**EXERCISE REQUIREMENTS**
Using the material below, repeat exactly the lines from the one with "Photo of Mellie Db475" through the one with "コシヒカリ 新米 令和6年度産 こしひかり 玄米 富山県産 30kg コシヒカリ", ends included, without any images.

**DATA SUPPLIED**
■ ■ ■ ■ ■
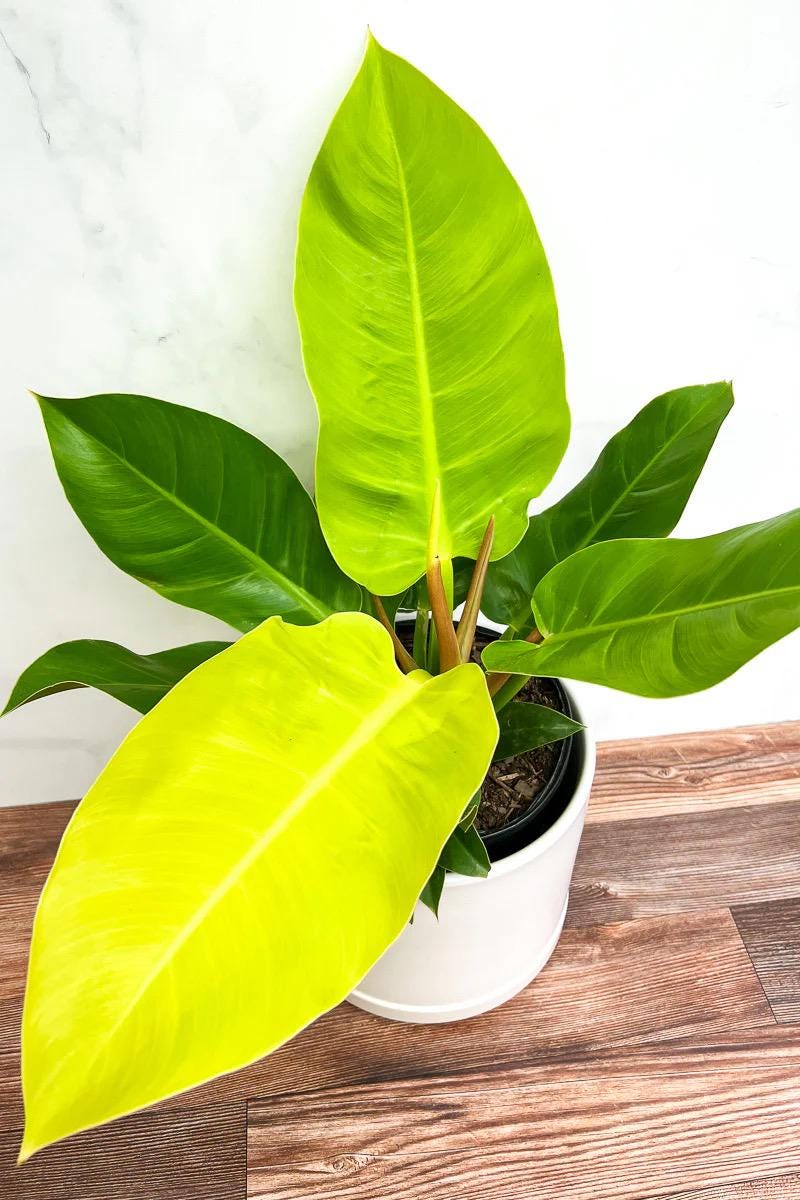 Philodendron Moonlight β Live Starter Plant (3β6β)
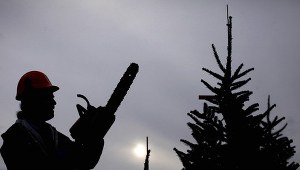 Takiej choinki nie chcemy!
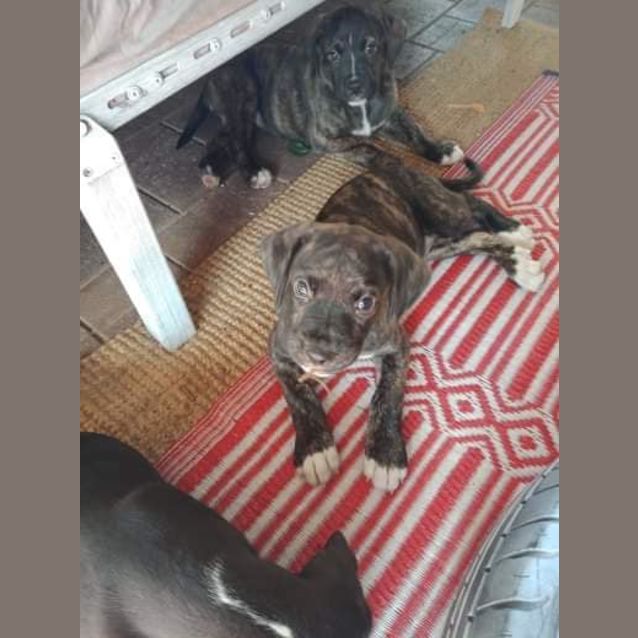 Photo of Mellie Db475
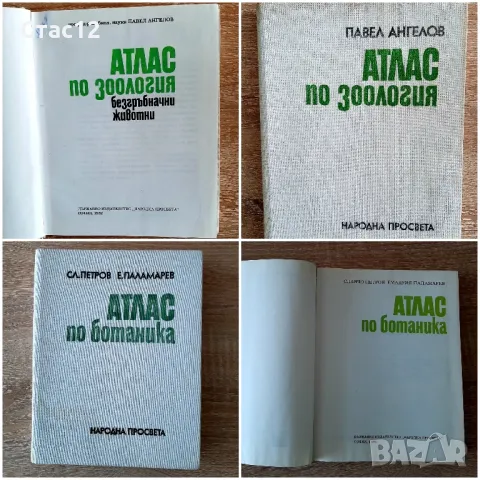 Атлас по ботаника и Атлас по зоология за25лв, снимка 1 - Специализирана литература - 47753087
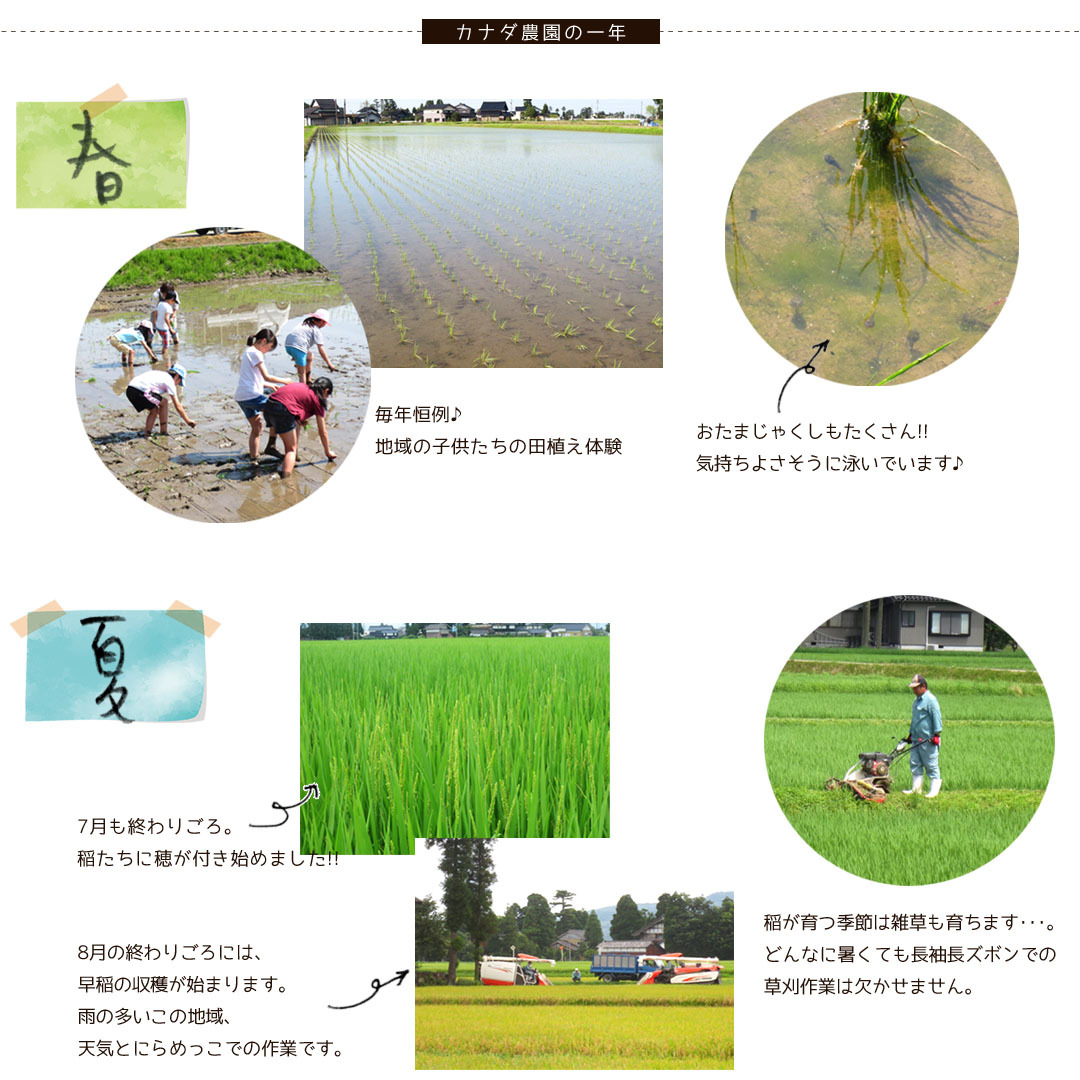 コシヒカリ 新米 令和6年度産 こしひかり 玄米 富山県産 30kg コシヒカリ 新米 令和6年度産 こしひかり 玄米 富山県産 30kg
■ ■ ■ ■ ■
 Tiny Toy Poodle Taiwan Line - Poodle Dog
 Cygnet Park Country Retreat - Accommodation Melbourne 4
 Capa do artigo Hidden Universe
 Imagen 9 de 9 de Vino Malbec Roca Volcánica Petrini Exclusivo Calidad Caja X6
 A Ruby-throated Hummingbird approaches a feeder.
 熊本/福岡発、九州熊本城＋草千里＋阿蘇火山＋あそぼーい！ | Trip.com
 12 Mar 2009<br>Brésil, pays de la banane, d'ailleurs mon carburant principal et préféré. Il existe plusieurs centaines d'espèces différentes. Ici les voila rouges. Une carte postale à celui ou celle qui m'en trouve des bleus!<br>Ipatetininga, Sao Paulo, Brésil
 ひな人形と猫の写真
■ ■ ■ ■ ■
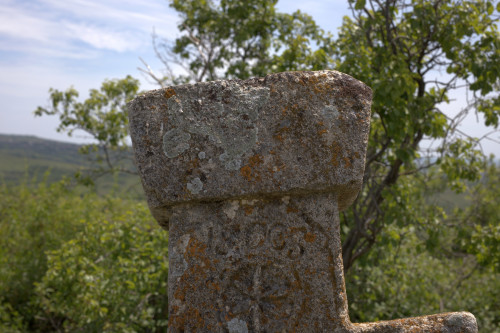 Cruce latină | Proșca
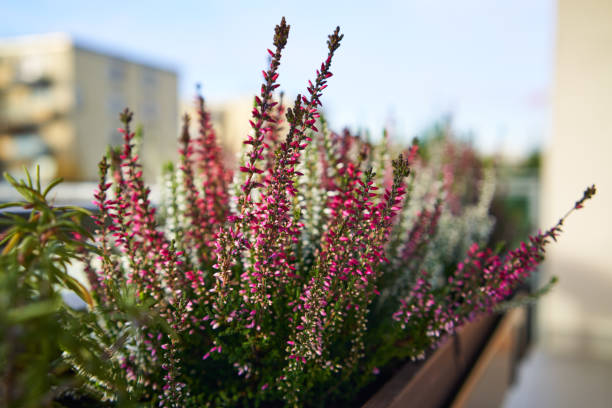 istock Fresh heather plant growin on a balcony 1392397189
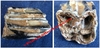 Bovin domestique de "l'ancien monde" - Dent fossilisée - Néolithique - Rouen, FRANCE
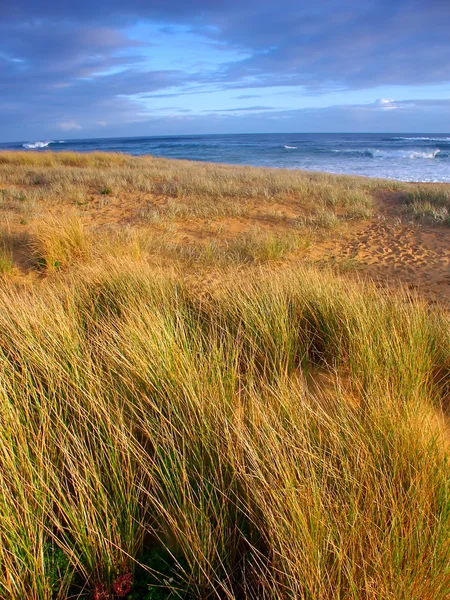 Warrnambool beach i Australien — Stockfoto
■ ■ ■ ■ ■
**TASK RESPONSE**
 Photo of Mellie Db475
 Атлас по ботаника и Атлас по зоология за25лв, снимка 1 - Специализирана литература - 47753087
 コシヒカリ 新米 令和6年度産 こしひかり 玄米 富山県産 30kg コシヒカリ 新米 令和6年度産 こしひかり 玄米 富山県産 30kg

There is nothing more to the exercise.